So yesterday, I decided to learn Python. Been a .NET guy primarily for the last n years, had some people work in it around me, but never was inclined to try it out. DUH!!!! Such a nice language. It took a couple minutes to get my bearings, but I figured…why not! Everyone in the Valley is so anti-MS and so pro-(Python, MySQL, PHP) one needs to embrace the flow.
For the last couple years I’ve been using a very simple, yet (what I believe to be) a strong POS tagger built by Mark Watson and based on Eric Brill’s work. Written in C#, it gave me a very straightforward paring knife to do tokenization and POS tagging quickly and easily in .NET. Now Monty Tagger and NTLK are definitely incredible resources for NLP in Python, but I wanted something very strightforward and portable without all the bells and whistles so I can build on the core myself. Not to mention I wanted something fun for my first outting in Python. Well…ta da! Here it is.
It’s comprised of two (count them 2) VERY simple source files. The first is the basic hashing and pickling utility if you want to make changes to the lexicon (I believe I’m using the same lexicon file as Monty Tagger), and the second is the actual tagger/tokenizer.
I’ve made some additional tweaks to the versions I run and plan to port some of them also to Python. If you’re intersted in additions add a comment and I’ll do my best to share/accomodate.
You can download my Python NLP Part-of-Speech Tagger here.
P.S./Caveat/blahblah:
This is my first anything outside of some Hello World stuff in Python. It definitely works, and does so at a decent clip (speed wise), but I’m sure I could have done some of the operations a little more elegantly. Leave comments though with recommendations/suggestions/!flames.
July 14, 2006 at 12:46 pm |
This looks great Jason… i’m not too familliar with Python so how do I install this to my linux apache server? All I have is FTP access to it.
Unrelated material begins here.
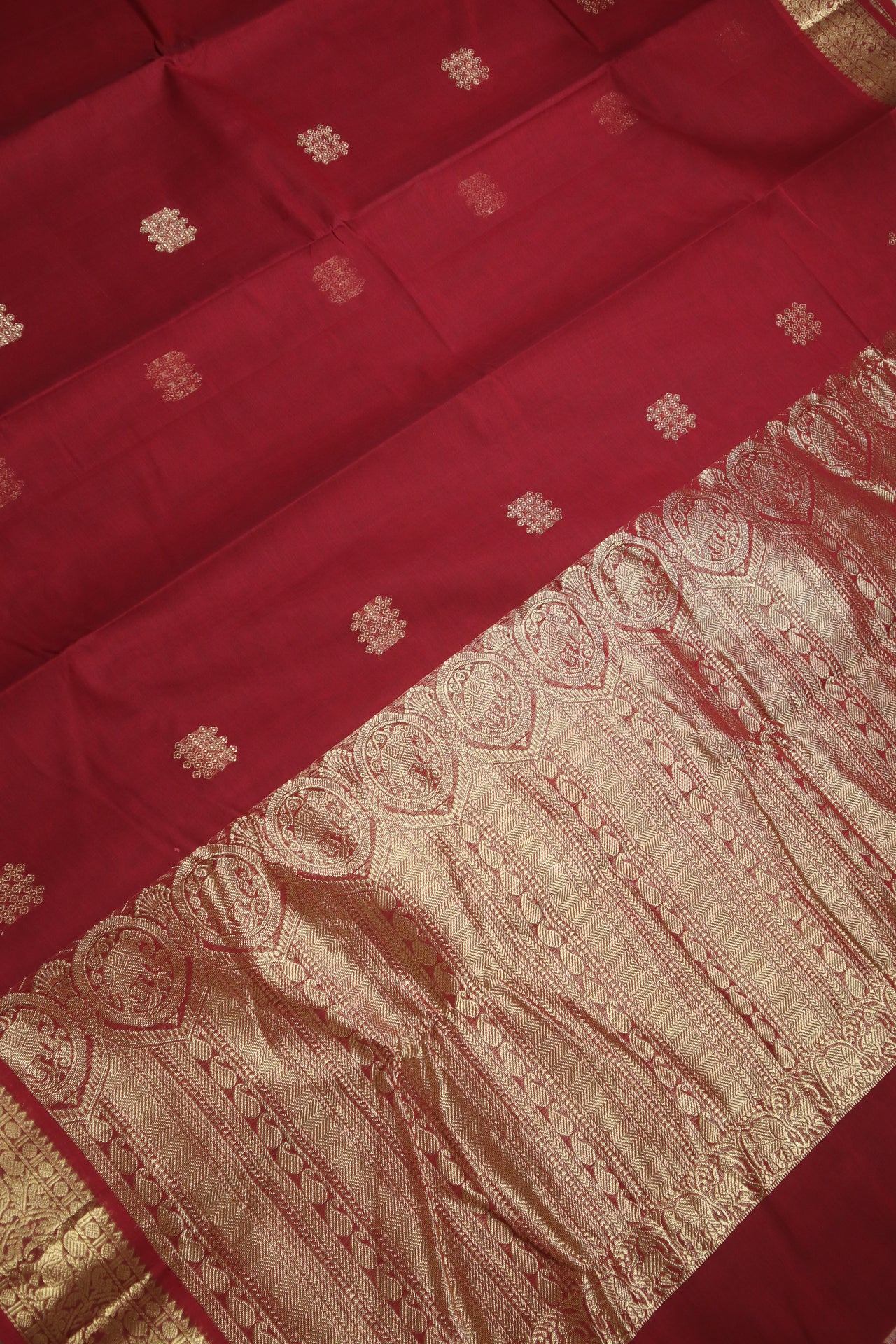 Dark Red - Elephant zari border - All over body Kolam woven buttas with woven pallu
July 14, 2006 at 1:09 pm |
Hi Brandon-
Thanks. You can run it from PHP if you only have FTP access. Here’s a good link to use as reference. Let me know if you need further help. -J.
http://www.csh.rit.edu/~jon/projects/pip/
February 8, 2007 at 11:25 am |
Hi Jason,
Where can I get the .Net ( C#) version of the Simple NLP POS?
Thanks
Dan
February 9, 2007 at 2:45 am |
Hi-
It’s available above by clicking on Mark Watson’s name
J.
April 6, 2008 at 3:44 pm |
Hi Jason. It’s good to hear you’re getting into Python still, but I hope your code doesn’t look like *that* anymore!
I’ve edited your code to make it a whole lot more pythonesque, and would like to send it to you, but feel that this textarea is not the place =)
April 11, 2008 at 12:48 pm |
Hi,
I have downloaded the “Simple NLP Part-of-Speech tagger in Python”. I would like to integrate it in a c#.net program. Can you please guide me?
November 27, 2008 at 5:39 pm |
Wow very intrested in this i have tried to download it but the website is down can you post a new link please.
Kind Regards
Mark
NLP Exeter
December 5, 2008 at 4:05 pm |
Really fantastic work…. i am doing the project for extracting usefulness of reviews using NLP… can i use your tool for this work….
December 10, 2008 at 8:08 pm |
Feel free, but if you plan on releasing the product commercially, please make sure to take care of the LGPL
December 23, 2008 at 2:12 am |
Is it difficult to split Brill_lexicon into two files to get the file-size down? I’m trying to use this on app engine and the file is over the max size limit
January 3, 2009 at 11:25 pm |
This is exactly what I’ve been looking for! I’ve encountered one stumbling block though: I’m not sure what all the tags mean
Some of them are obvious, but it would be great to get a full list. I know there are several different tagging schemes around for POS, so I thought I’d ask you directly: Which scheme does the tagger use? Thanks!